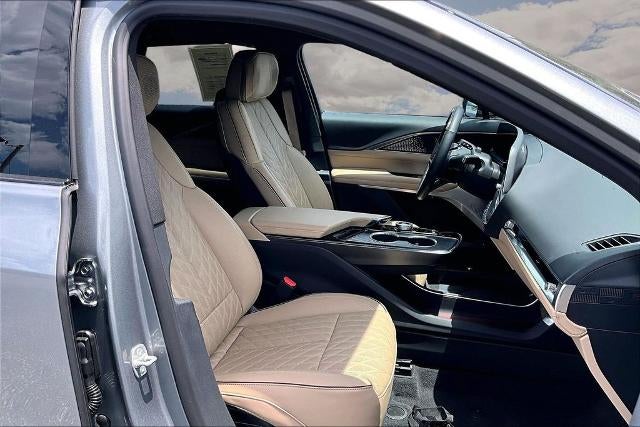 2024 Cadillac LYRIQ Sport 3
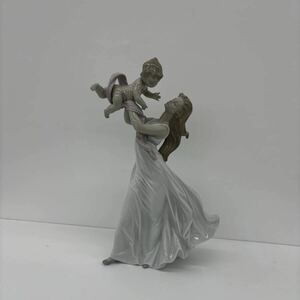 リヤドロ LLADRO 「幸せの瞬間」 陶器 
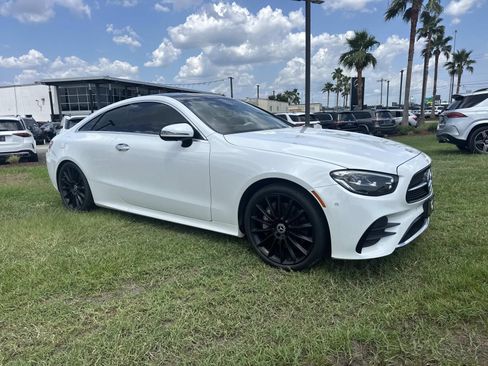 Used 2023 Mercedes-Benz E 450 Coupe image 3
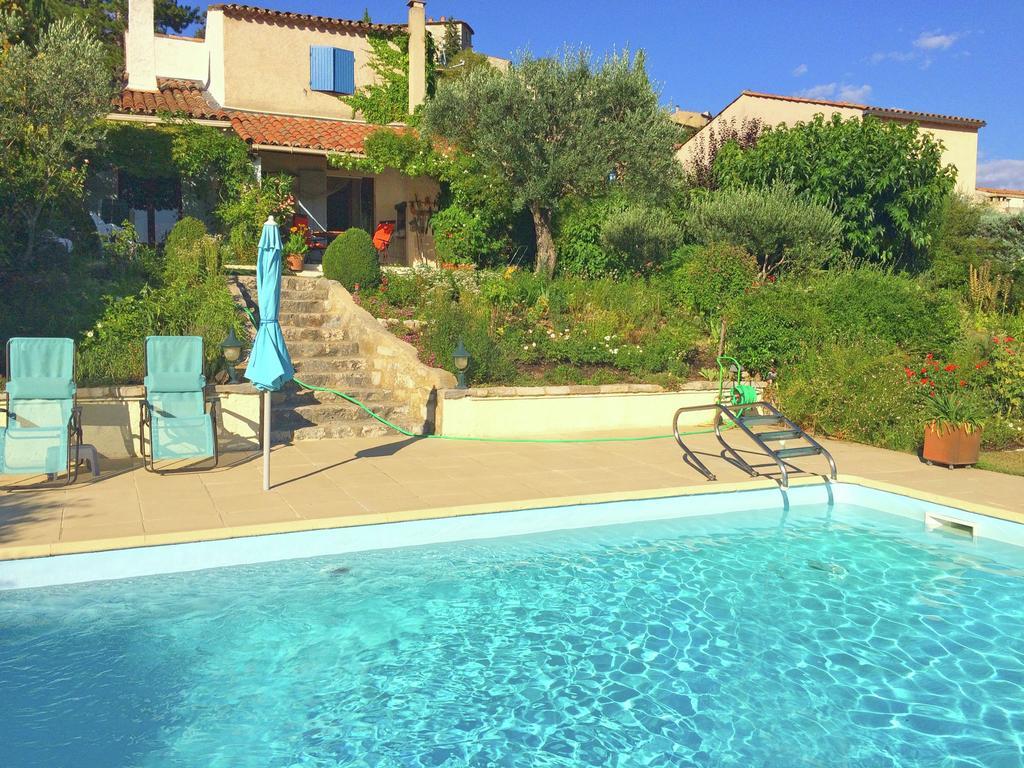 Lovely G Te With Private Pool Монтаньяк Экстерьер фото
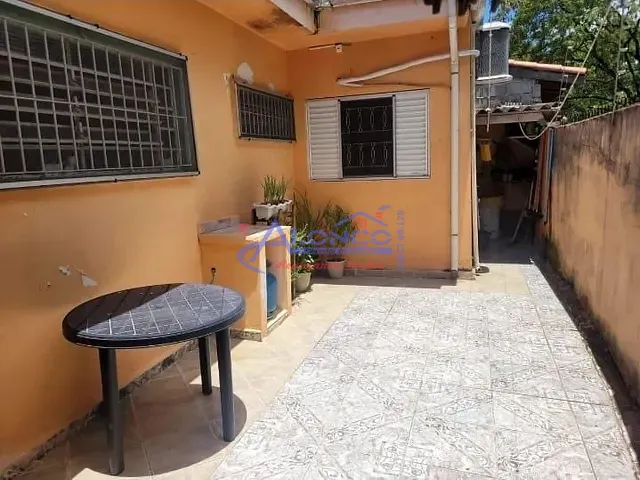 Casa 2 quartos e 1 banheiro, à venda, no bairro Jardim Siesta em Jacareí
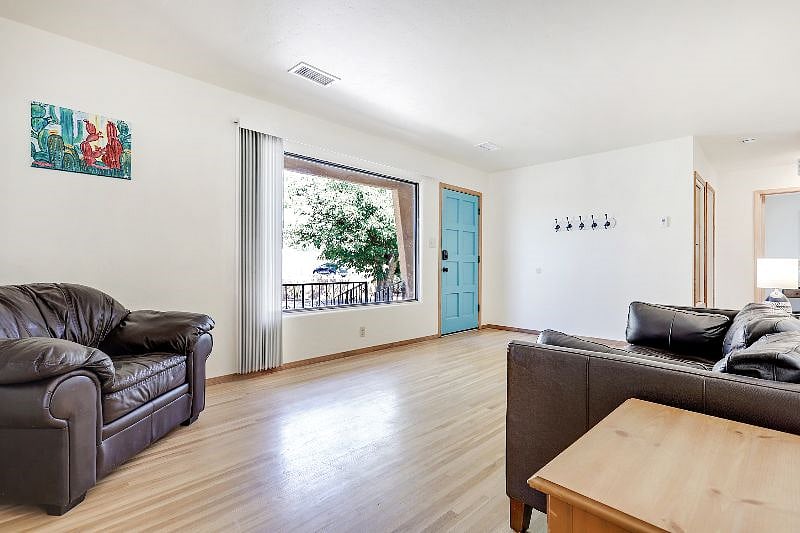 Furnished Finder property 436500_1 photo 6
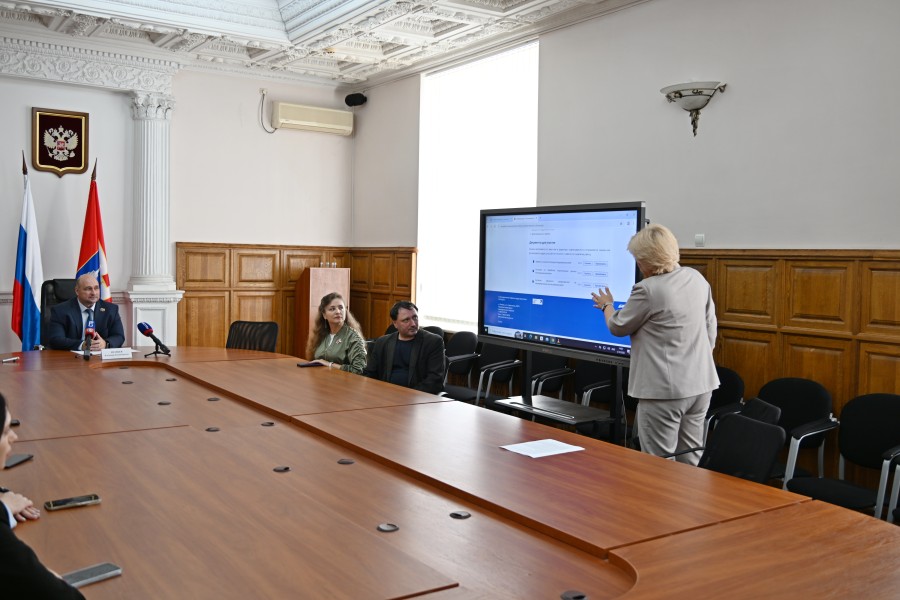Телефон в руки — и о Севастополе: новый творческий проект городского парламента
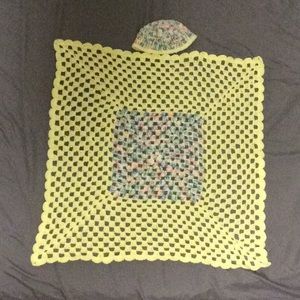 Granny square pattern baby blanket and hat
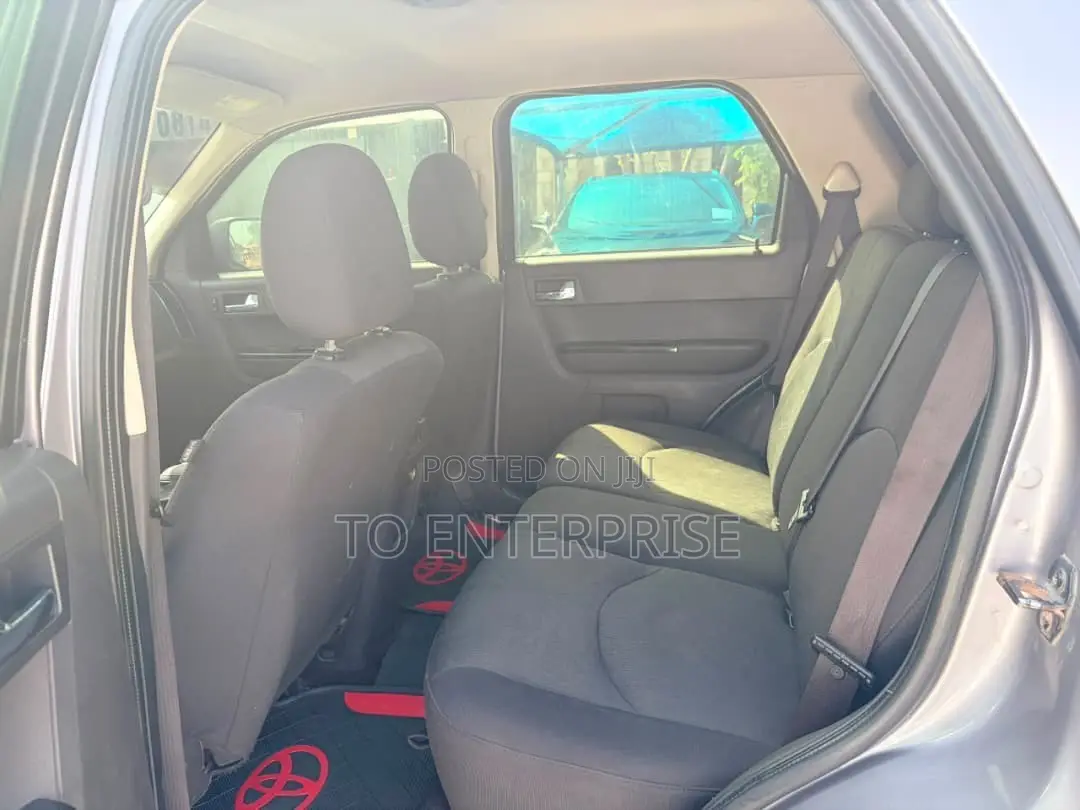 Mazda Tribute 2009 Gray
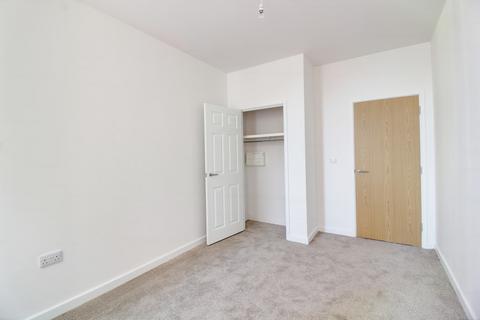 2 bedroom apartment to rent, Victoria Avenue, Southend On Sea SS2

#### DIRECTIONS
Apart from the pictures, every record must be set down exactly.

#### SOLUTION TO THE PROBLEM
 2024 Cadillac LYRIQ Sport 3
 リヤドロ LLADRO 「幸せの瞬間」 陶器 
 Used 2023 Mercedes-Benz E 450 Coupe image 3
 Lovely G Te With Private Pool Монтаньяк Экстерьер фото
 Casa 2 quartos e 1 banheiro, à venda, no bairro Jardim Siesta em Jacareí
 Furnished Finder property 436500_1 photo 6
Телефон в руки — и о Севастополе: новый творческий проект городского парламента
 Granny square pattern baby blanket and hat
 Mazda Tribute 2009 Gray
 2 bedroom apartment to rent, Victoria Avenue, Southend On Sea SS2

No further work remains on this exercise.